Log file Viewer
#pypa-dev logs for Tuesday the 22nd of October, 2019
[16:41:53] <amukherjee> Hi! Does anyone know of any tool to resolve _all_ possible dependencies for a package, irregardless of python version or extras requirements? Want to scoop up literally everything the package could resolve on. Been reading pip and poetry’s source code and the logic seems… obtuse… so figured I’d ask before trying to build it myself. Thanks!
[16:51:34] <tos9> amukherjee: there's some tool someone built that does that on top of pip-tools essentially
[16:52:02] <tos9> amukherjee: also, what do you want to do with it? it sounds like possibly something other than the usual reason? (i.e. to compile n requirements.txt files for the n different combinations of versions + extras combinations)?
[16:55:12] <amukherjee> tos9: It’s a bit of an unfortunate reason, but our security team hasn’t given us the go-ahead to allow us to blindly proxy our internal pypi repository to pypi.org. The really short story that comes out of this is that we’re building some tooling to copy all the dependencies from pypi.org to our internal pypi repository. We already have something in place but it uses `pip download` and it’s running python2+linux so we miss anyth
[16:56:47] <tos9> amukherjee: ok, I suppose that's probably pretty common too, but in theory that means you're not really after "all" python versions no?

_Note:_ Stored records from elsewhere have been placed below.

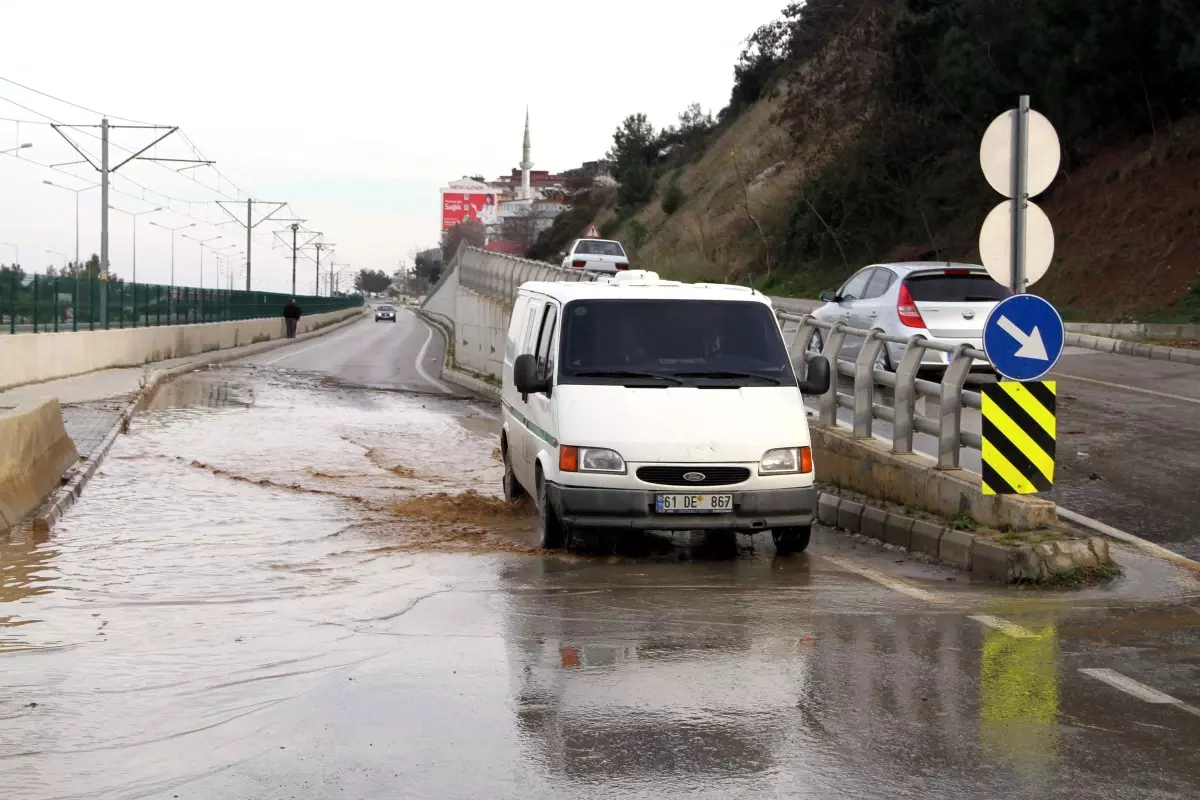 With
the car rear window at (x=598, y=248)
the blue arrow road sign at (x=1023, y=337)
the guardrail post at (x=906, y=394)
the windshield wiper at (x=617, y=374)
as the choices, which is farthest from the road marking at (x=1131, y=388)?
Answer: the car rear window at (x=598, y=248)

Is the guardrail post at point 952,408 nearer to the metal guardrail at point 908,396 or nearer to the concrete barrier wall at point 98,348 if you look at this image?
the metal guardrail at point 908,396

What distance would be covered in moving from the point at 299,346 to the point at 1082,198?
29021mm

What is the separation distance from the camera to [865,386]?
12.9 meters

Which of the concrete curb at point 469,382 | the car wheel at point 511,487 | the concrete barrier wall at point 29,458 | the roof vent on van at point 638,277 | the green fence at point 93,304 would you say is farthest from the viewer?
the concrete curb at point 469,382

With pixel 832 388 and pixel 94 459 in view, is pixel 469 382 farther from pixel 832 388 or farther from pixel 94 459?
pixel 832 388

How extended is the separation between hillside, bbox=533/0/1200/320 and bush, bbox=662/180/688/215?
603 inches

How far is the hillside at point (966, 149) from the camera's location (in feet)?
110

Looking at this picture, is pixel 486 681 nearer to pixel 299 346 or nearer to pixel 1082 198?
pixel 1082 198

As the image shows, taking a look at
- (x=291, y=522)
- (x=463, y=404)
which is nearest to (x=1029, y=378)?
(x=291, y=522)

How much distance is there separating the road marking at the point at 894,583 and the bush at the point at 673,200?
240 ft

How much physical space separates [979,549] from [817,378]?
194 centimetres

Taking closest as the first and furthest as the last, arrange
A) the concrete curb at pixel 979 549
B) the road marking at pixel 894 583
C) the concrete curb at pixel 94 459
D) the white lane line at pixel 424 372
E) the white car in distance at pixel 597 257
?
the road marking at pixel 894 583 < the concrete curb at pixel 979 549 < the concrete curb at pixel 94 459 < the white lane line at pixel 424 372 < the white car in distance at pixel 597 257

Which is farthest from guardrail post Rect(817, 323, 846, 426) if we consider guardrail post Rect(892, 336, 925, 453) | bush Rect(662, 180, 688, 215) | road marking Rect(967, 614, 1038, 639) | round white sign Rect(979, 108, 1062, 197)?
bush Rect(662, 180, 688, 215)

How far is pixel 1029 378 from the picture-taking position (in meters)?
10.4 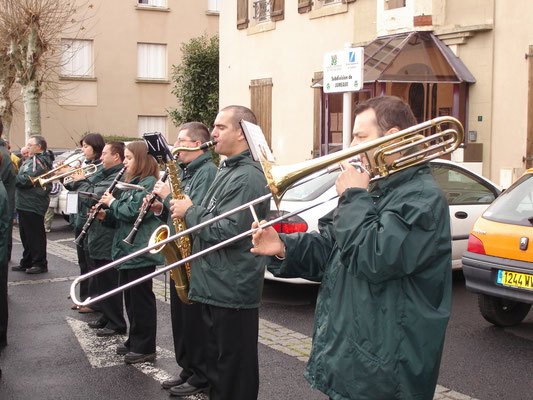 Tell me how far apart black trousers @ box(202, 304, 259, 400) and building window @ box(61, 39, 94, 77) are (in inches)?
1064

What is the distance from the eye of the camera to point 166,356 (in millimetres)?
6090

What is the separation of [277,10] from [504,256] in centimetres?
1419

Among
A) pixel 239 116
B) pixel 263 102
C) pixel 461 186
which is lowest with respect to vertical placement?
pixel 461 186

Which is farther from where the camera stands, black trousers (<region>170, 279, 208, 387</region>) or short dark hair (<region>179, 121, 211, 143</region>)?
short dark hair (<region>179, 121, 211, 143</region>)

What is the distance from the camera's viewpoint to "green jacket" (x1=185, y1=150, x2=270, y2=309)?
4.16 metres

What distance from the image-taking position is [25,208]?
10.1 m

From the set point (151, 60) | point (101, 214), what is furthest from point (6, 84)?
point (101, 214)

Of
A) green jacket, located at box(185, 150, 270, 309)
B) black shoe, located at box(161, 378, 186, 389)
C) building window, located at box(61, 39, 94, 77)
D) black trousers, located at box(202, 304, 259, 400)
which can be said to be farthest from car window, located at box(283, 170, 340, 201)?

[16:57:10] <tos9> amukherjee: if you have like 2 or 3 versions you run in prod, I'd just do what you're doing already but with all 3 versions
[16:57:56] <tos9> amukherjee: (also in not directly related news you possibly want to know about pip's --require-hashes mode)
[16:58:41] <amukherjee> tos9: Our team operates a bit more siloed, so devs are responsible for managing their services, including what python versions they are running. We could probably rerun pip-download with all the different versions we support but seems like overkill too :/.
[19:26:15] <cooperlees> amukherjee: Out of interest, What are you using for your internal mirror? DevPI?